El Comité Regional de la Internacional de la Educación América Latina emitió el 13 de julio un pronunciamiento en el que expresó su solidaridad con las y los docentes de Ecuador y con la Unión Nacional de Educadores (UNE), organización que ha llevado el registro de los casos de violencia contra el magisterio en el país. El documento, identificado como IEAL-CoR-009-2026, se conoció días después de un nuevo crimen que reavivó la preocupación del sector.
La organización regional condenó el asesinato de la docente Diana Isabel Carchi Mendia, ocurrido el 9 de julio, y recordó que este hecho se suma al de la docente Adriana Sáenz, asesinada menos de dos semanas antes. Con ambos casos, según denunció la UNE, la cifra de docentes asesinados en Ecuador entre 2025 y 2026 asciende a diez.
Entre el miedo y la exigencia de respuestas
El texto también expone otras formas de violencia que afectan al gremio educativo, como amenazas y extorsiones que, de acuerdo con lo señalado, han obligado a varios maestros a modificar sus rutinas, abandonar sus hogares o suspender temporalmente sus labores para resguardar su seguridad.
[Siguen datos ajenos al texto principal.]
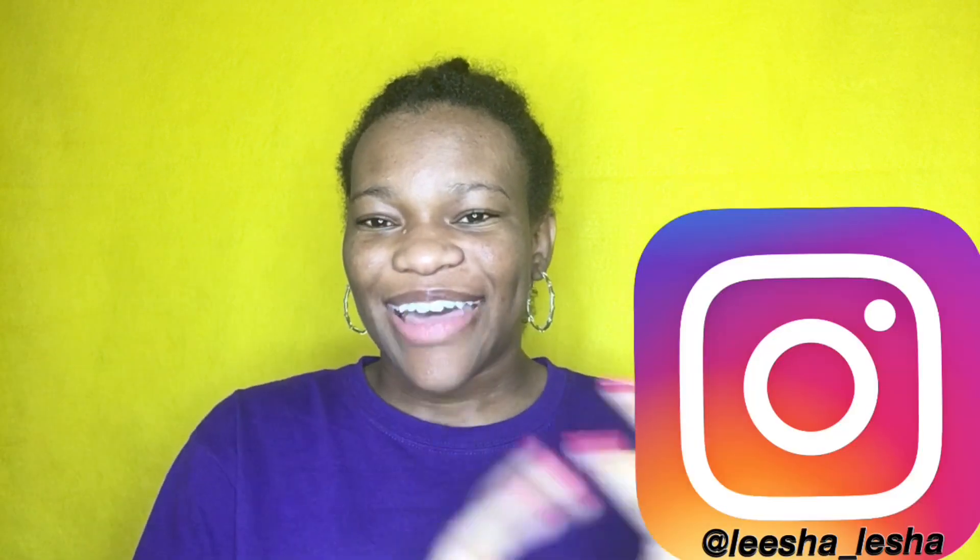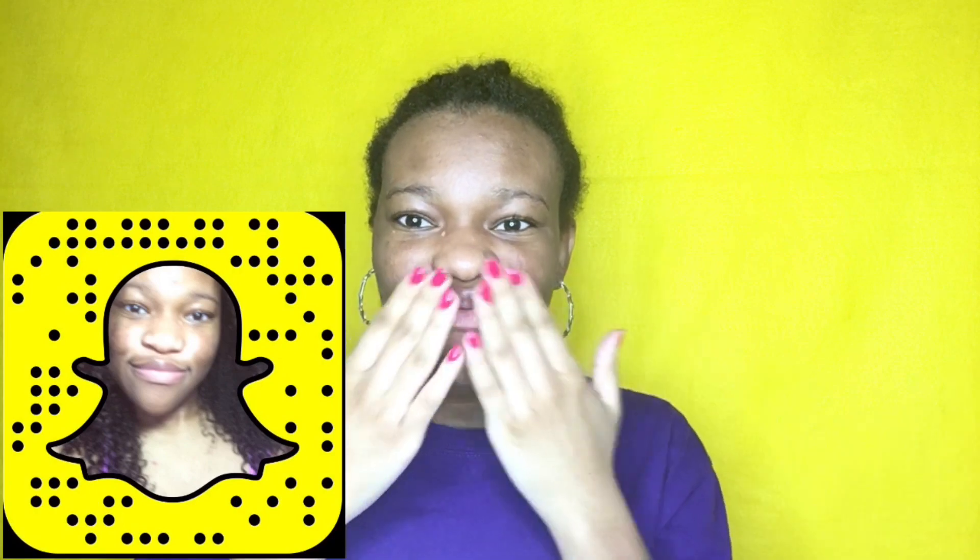Add me on Instagram and add me on Snapchat, you guys. Thanks so much. Bye!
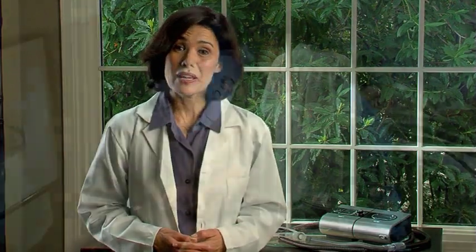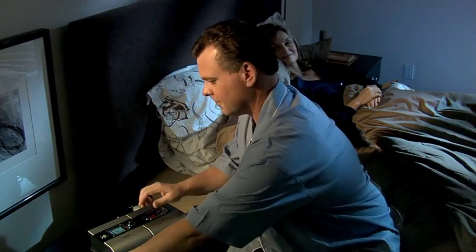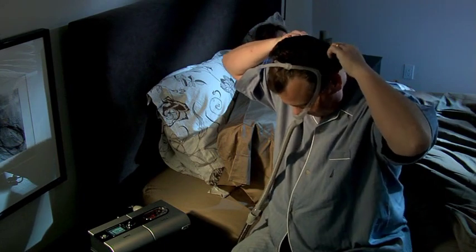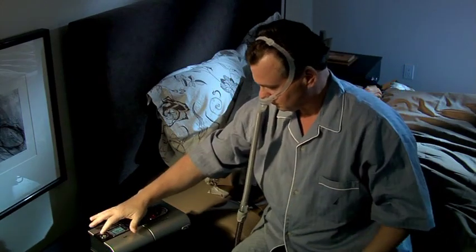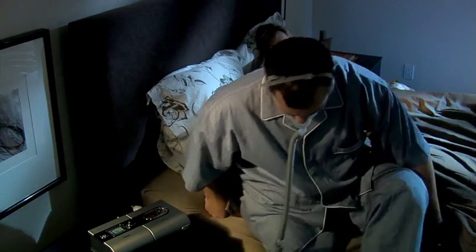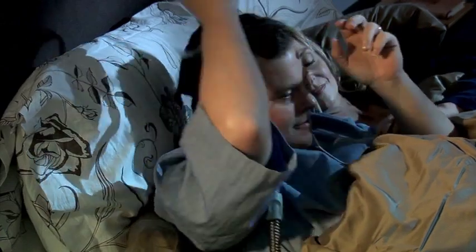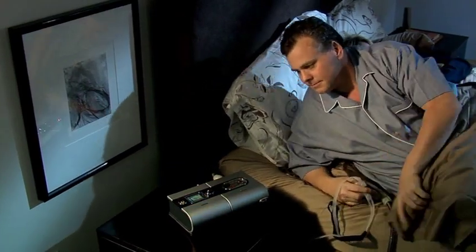That's really all that's required to get started. On a nightly basis, make sure the power is connected. Adjust the ramp time or humidification level if needed. Fit your mask as described in your mask user guide. Then, to start therapy, simply press the large start-stop button and breathe into the mask. Lie down and arrange the air tubing so that it's free to move if you turn in your sleep. To stop treatment at any time, remove your mask and press the start-stop button.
Frente a este panorama, el Comité Regional respaldó las demandas planteadas por la UNE, entre ellas la captura y sanción de los responsables materiales e intelectuales de los asesinatos de Carchi y Sáenz, así como la implementación urgente de un plan de seguridad con presupuesto asignado para su ejecución. El pronunciamiento pidió además que «el Gobierno y el Ministerio de Educación dejen de guardar silencio y asuman su responsabilidad» frente a la violencia que golpea al magisterio.